--- DATA SUPPLIED Enclosed Below ---

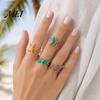 Open Design Rings 4Pcs/Set Ocean Series Ring Set, Multiple Styles Starfish Shell Enamel Coated Finger Ring, Alloy Adjustable Stacking for Jewelry Gift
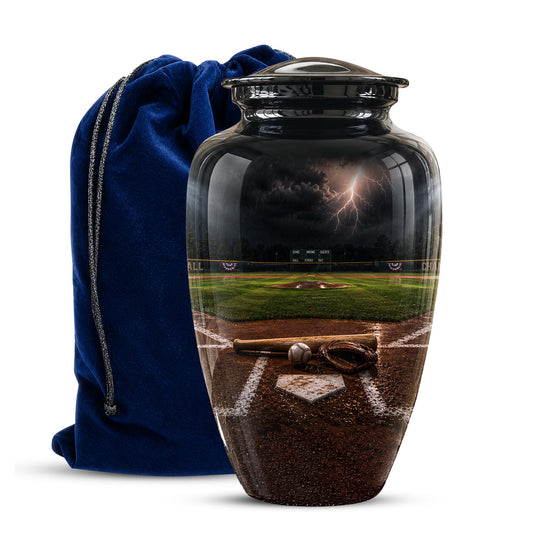 Personalized Baseball Cremation Urn - Adult Memorial Keepsake Urn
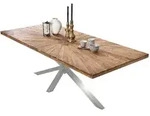 Mid.you Esstisch, Natur, Silber, Holz, Metall, Teakholz, massiv, rechteckig,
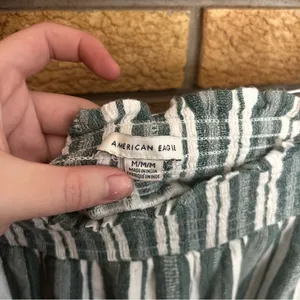 American Eagle Striped Wide Leg Flowy Pants Green & White Size Medium thumbnail 5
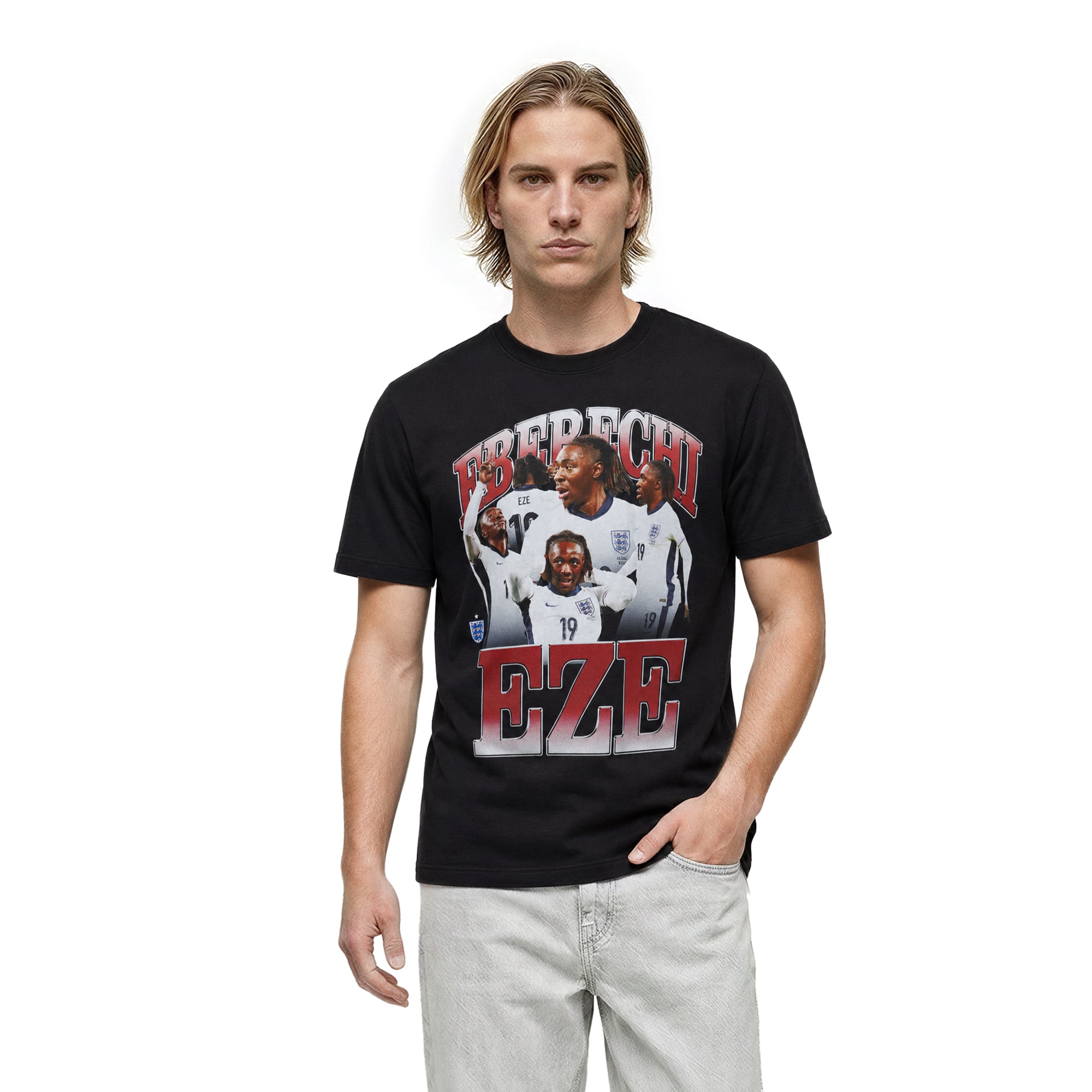 Camiseta Eberechi Eze Collage del Inglaterra - Negro: retailer-supplied image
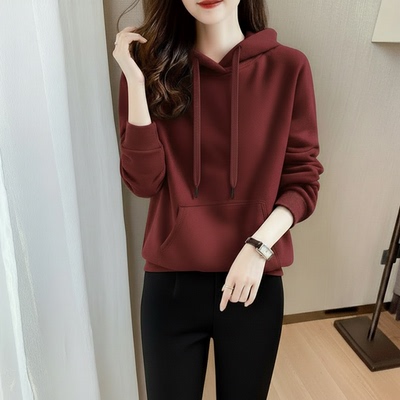 重磅灰色圆领薄款连帽卫衣男女同款2024新款春秋宽松上衣外套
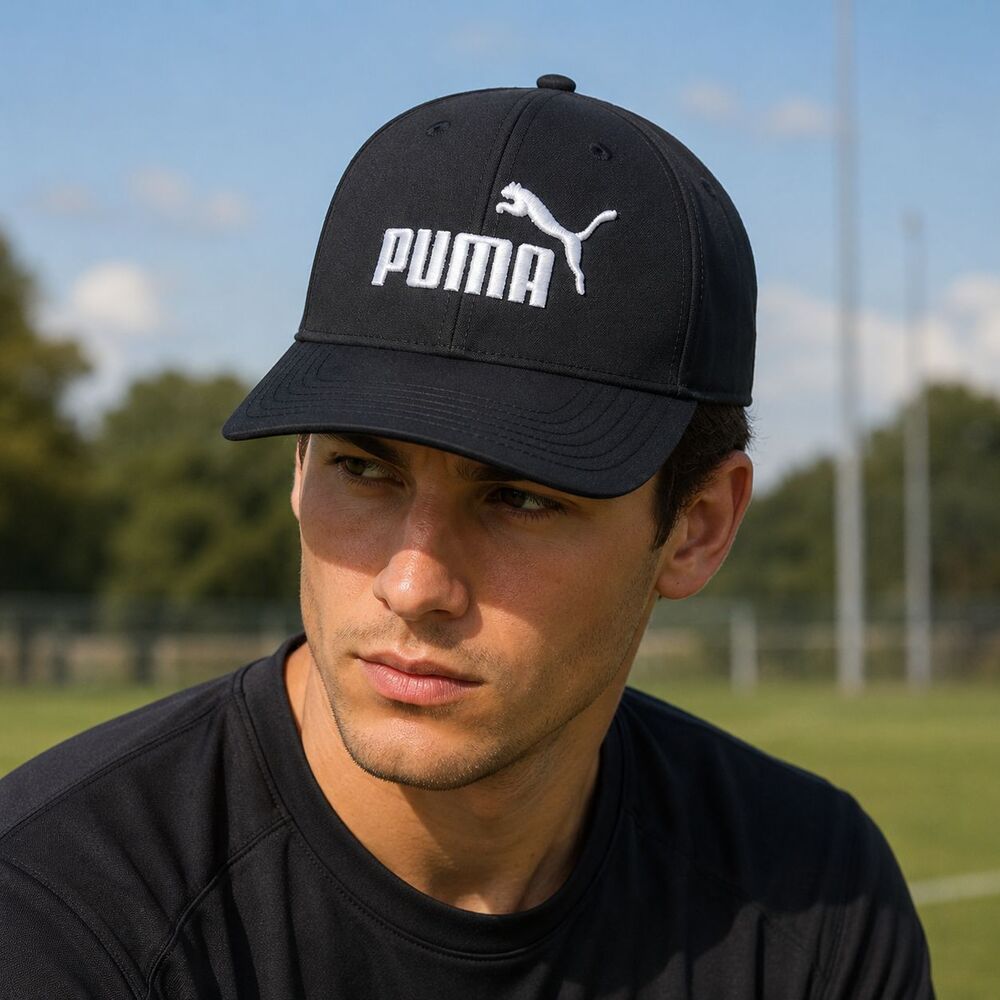 Puma Flex Fit Baseball Cap Adult Adjustable Black Embroidered Logo Hat Sports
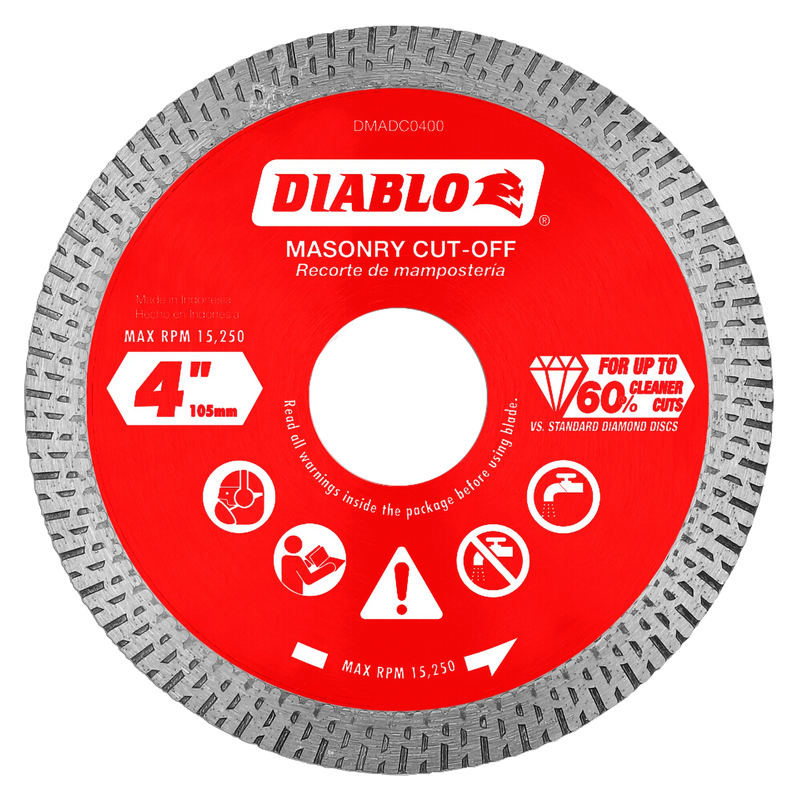 Diablo Diamond Continuous Rim Cut-Off Discs for Masonry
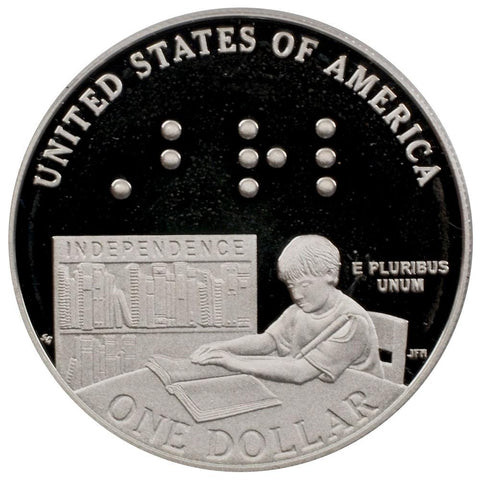 2009 Louis Braille Bicentennial Silver Proof Dollar - Gem Proof in OGP w/ COA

--- End of Enclosed DATA SUPPLIED ---

The lines to retype begin with the one containing "Personalized Baseball Cremation" and end with the last line of the records. Reproduce them exactly and omit the pictures.

#### [RESPONSE TO THE EXERCISE]
 Personalized Baseball Cremation Urn - Adult Memorial Keepsake Urn
 Mid.you Esstisch, Natur, Silber, Holz, Metall, Teakholz, massiv, rechteckig,
 American Eagle Striped Wide Leg Flowy Pants Green & White Size Medium thumbnail 5
 Camiseta Eberechi Eze Collage del Inglaterra - Negro: retailer-supplied image
 重磅灰色圆领薄款连帽卫衣男女同款2024新款春秋宽松上衣外套
 Puma Flex Fit Baseball Cap Adult Adjustable Black Embroidered Logo Hat Sports
 Diablo Diamond Continuous Rim Cut-Off Discs for Masonry
 2009 Louis Braille Bicentennial Silver Proof Dollar - Gem Proof in OGP w/ COA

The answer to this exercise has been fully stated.